Legislators at Public Affairs Roundtable

Discussing state issues at the March Public Affairs Roundtable were (from left) Reps. Jeremy Durham, Glen Casada and Charles Sargent.

Williamson County’s four state legislators discussed transportation, de-annexation, jobs and the gas tax during the March Public Affairs Roundtable hosted today by the Williamson County Chamber and moderated by Dave Crouch, chamber government affairs chair.

Sen. Jack Johnson, 23rd District, mentioned a law Davidson County passed recently that requires anybody hired to do business with the county must reside in the county. Because that decision affects businesses in the rest of the state, “we are working on an initiative to overturn that,” Johnson said.

Legislators are also looking at ways to regulate Internet businesses such as Uber and Airbnb, so “they play by the same rules,” while maintaining a pro-business state status.

Along that line, according to Johnson, a motion for a state mandated minimum wage “won’t get a second.”

The market should decide what the minimum wage should be.

“A minimum wage is a job killer,” Johnson said.

Piggy-backing on the rising concern about illegal immigration, legislators are discussing a bill to increase the penalty on businesses that knowingly employ illegal immigrants. The new penalty would have a business license pulled for 90 days for knowingly employing illegal immigrants.

Currently, if a business is caught knowingly hiring illegal immigrants and promises not to do it again, nothing happens, said 65th District Rep. Jeremy Durham.

“It’s important we evaluate the current law and make sure it has the teeth to enforce the law,” Durham said. “I’m willing to work with the business community. … I want to make sure this is fair to everybody.”

Crouch read a statement from the Williamson County Chamber declaring its opposition to the bill.

“The chamber declares this an anti-business bill and is not a bill the chamber supports,” Crouch said.


Funds for the Department of Transportation are derived from the gas tax. More fuel-efficient vehicles, electric vehicles and a call for funds to be used for non-motorized transportation projects such as sidewalks and walking and bicycle trails are putting a strain on road funds, said Johnson.

Then there’s the $261 million of transportation funds “borrowed” by a former governor several years ago for the state general fund and the withholding of federal funding during the past five years all creating major setbacks for new projects like the Mack Hatcher extension. It also opened a serious discussion on raising the gas tax and finding more efficient ways of using of the money.

People who walk or ride bikes aren’t paying the gas tax, so bills are being introduced to limit use of the gas tax specifically for roads used by motorized vehicles, Johnson said.

“If people are paying the gas tax for roads, it should be for roads,” he said.

Within the next few months, TDOT will receive federal funds of between $700 million and $800 million. The funds, which were recently released by the federal government for road construction, are from matching funds and projects completed under budget. Some of that money does have strings attached regarding sidewalks and trails.

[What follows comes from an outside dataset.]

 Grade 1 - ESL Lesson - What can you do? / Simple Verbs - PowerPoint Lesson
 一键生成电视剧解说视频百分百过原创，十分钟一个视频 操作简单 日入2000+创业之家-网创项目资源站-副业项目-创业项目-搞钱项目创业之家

The House Way and Means Committee has almost completed budget hearings and will soon begin drawing up the final budget, said Rep. Charles Sargent, 61st District.

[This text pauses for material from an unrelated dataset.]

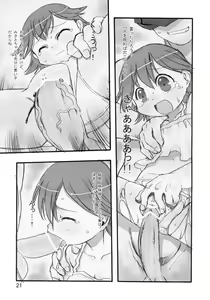 Page 21 of re-Live #01 - preview thumbnail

This year the legislature is making an effort to return half of the $261 million with the other half coming in next year’s budget, he added.

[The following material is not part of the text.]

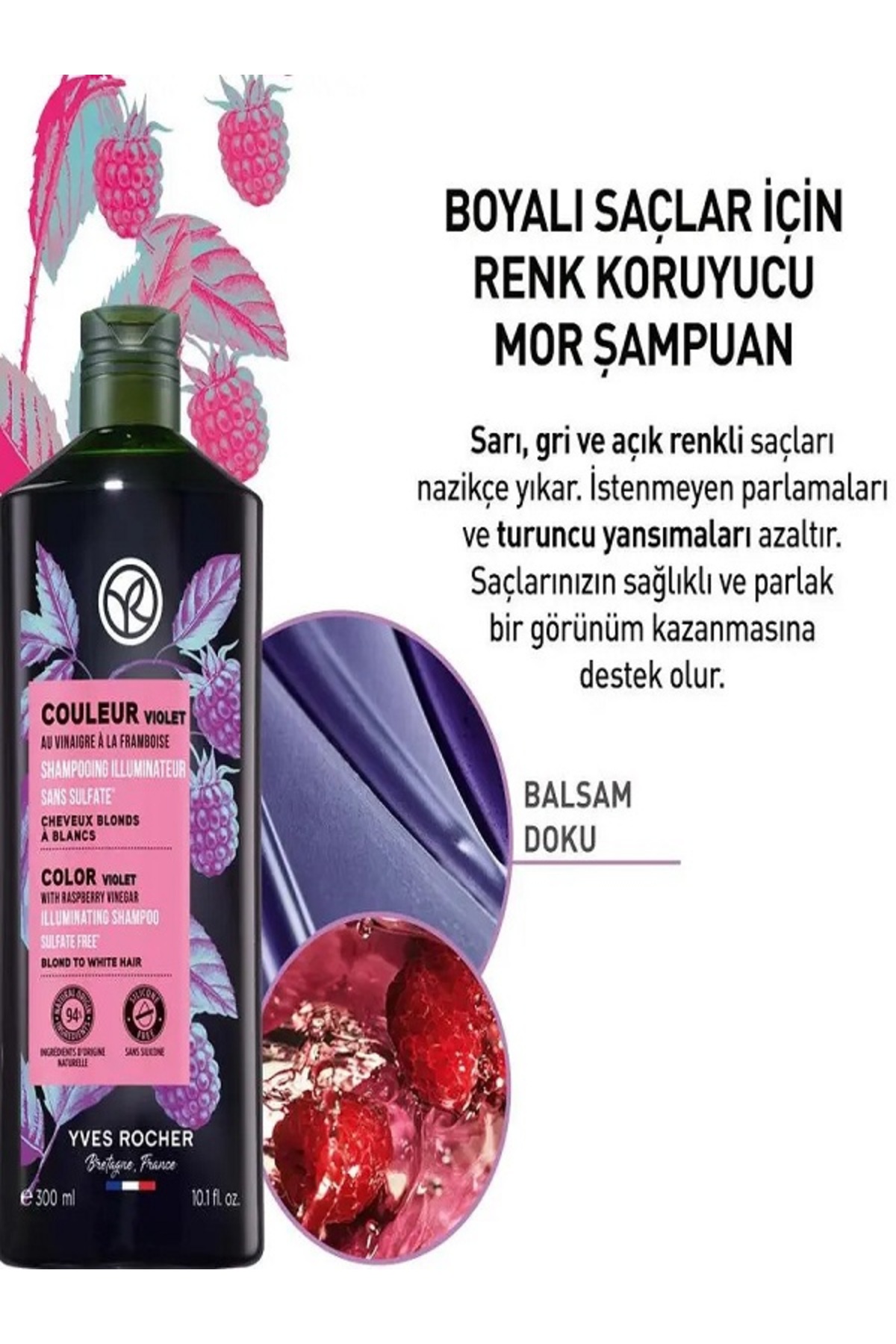 شامپو زنانه  ایوروشهYves Rocher | 2031yve اورجینال - تصویر 2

“Williamson County will get our fair share, I can assure you of that,” Sargent said.

Police Body Cameras

A debate in the legislature regarding body cameras for law enforcement mirrors the local debate. At issue – the invasion of privacy, which includes homes, children, and victims of domestic violence, sexual assault or rape victims. 

“There’s a fine line when to turn the camera off,” said 63rd District Rep. Glen Casada.

Franklin approved body cameras for the police department but they have not implemented them yet due to privacy issues, said Franklin Mayor Ken Moore.

“We want to protect our citizens and our police officers,” Moore said.

De-annexation and Inclusionary zoning

A few cities in the state have been annexing county land for the additional tax revenue but not providing city services. Now the state is stepping in. In the meantime, cities like Franklin, which have provided services, are concerned a precedent may be set at the state level.

“We make a considerable investment in sewers, water and roads,” Moore said. “How do we get reimbursed for our investment? Williamson County is the number one job creator in America. Cities are economic generators.” 

Moore concluded by reminding the lawmakers of the importance of governing at the local level rather than the state level.

The Public Affairs Roundtable is presented by the Vanderbilt University Office of Community, Neighborhood and Government Relations.